The Copenhagen Climate Talks May Still Find Common Ground

As the world's leaders converge on Copenhagen for the global climate summit, the clouds over what had been deemed a fairly useless exercise in geopolitical stagecraft appeared to be lifting on Thursday. China, the U.K. and the U.S. all said a climate-change agreement of some sort could be reached. Frameworks for potential deals began to emerge, with developing nations voicing support for compromise proposals. Most dramatic was a proposal that rich nations provide a $100 billion-per-year climate-change fund to help poorer nations mitigate global warming and reduce carbon emissions.

The program, which got a strong vote of confidence from U.S. Secretary of State Hilary Clinton, would not hit full steam until 2020, a long way off. Climate scientists are warning that changes in emissions behavior must take place now if the trend toward increasing carbon levels in the atmosphere can be slowed and eventually reversed.

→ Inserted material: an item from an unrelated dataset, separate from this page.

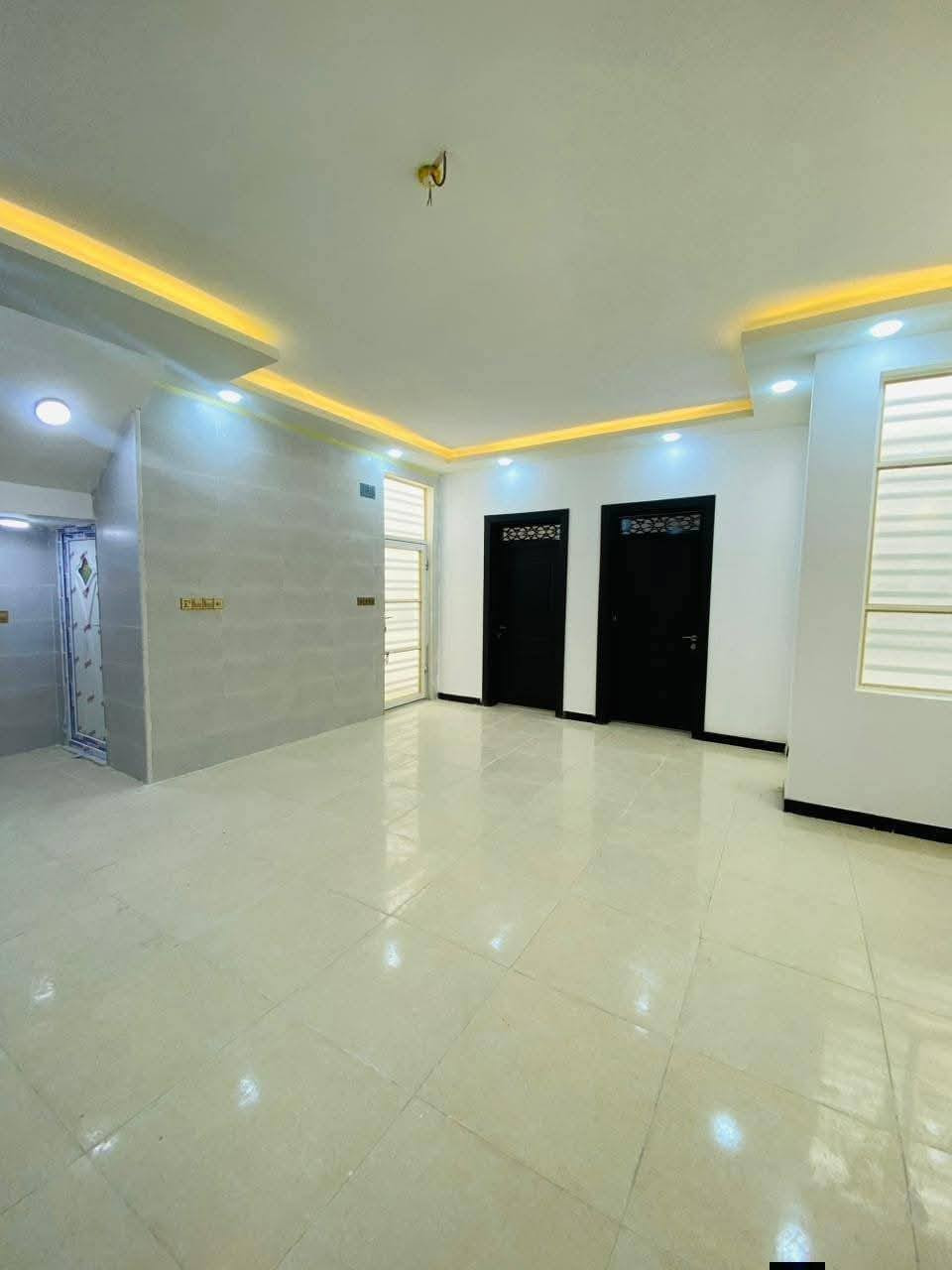 بيت🏠🤑 53مليون وبيه مجال 🤑
***********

China's climate team, led by Yu Qingtai, refuted earlier reports that it was about to bow out of the talks. The team stated that the Middle Kingdom remains fully committed to getting a deal at Copenhagen.

U.K. Prime Minister Gordon Brown proposed perhaps the most comprehensive compromise proposal. Brown suggested that all industrialized nations cut greenhouse gas emissions by 80% by 2050, a much higher number than had been previously bandied about.

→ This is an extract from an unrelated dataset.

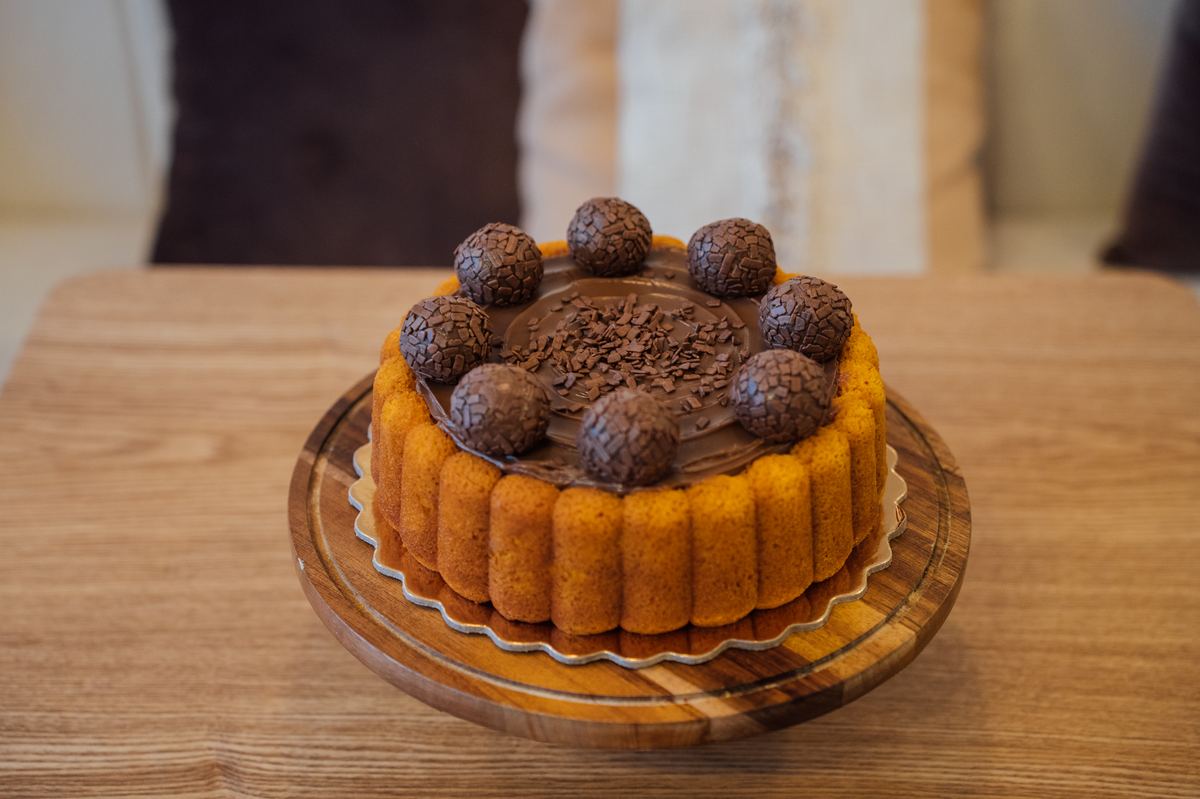 Charlotte de cenoura com chocolate belga Callebaut — bolo por encomenda Fátima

Brown also said industrialized nations must sign up for significant cuts by 2020. Starting in 2010, they must also provide interim financing totaling more than $10 billion per year to poorer countries as climate mitigation aid, as reported by ClimateBiz.

Soft Pedaling from Washington

The White House, which is still struggling to get a health care reform bill passed, has tread lightly on the topic of any commitment to a climate-change deal. President Barack Obama has intentionally soft-pedaled Copenhagen, and his staff has repeatedly said that they don't expect a deal to be reached this year.

That's the right answer for a U.S. Congress that's acrimoniously split over health care reform. Legislators could be further polarized by any bold moves in Copenhagen that would commit the U.S. to carbon reduction or other frameworks to combat global warming.

But the impending arrival of Obama has built anticipation that perhaps something big can be salvaged, above and beyond meaningful but far smaller initiatives, such as the $3.5 billion forest-preservation package announced by the U.S. and five other nations on Dec. 16.

Even if a climate deal is reached, the devil-in-the-details will clearly remain. Carbon-trading markets have been wracked by fraud and scandal, to such a degree that U.N. has been forced to decertify some of the world's largest carbon-offset certification companies and consultants.

Accounting for stimulus spending in the U.S. alone has been difficult. Imagine the possibilities for fraud inherent in a $100 billion aid package going to poor nations with weak civil and legal institutions and massive corruption problems. In other words, it will take a Herculean effort not only to get a climate deal passed, but to administer the effort in a systematic way so that greenhouse gases don't become another form of green graft.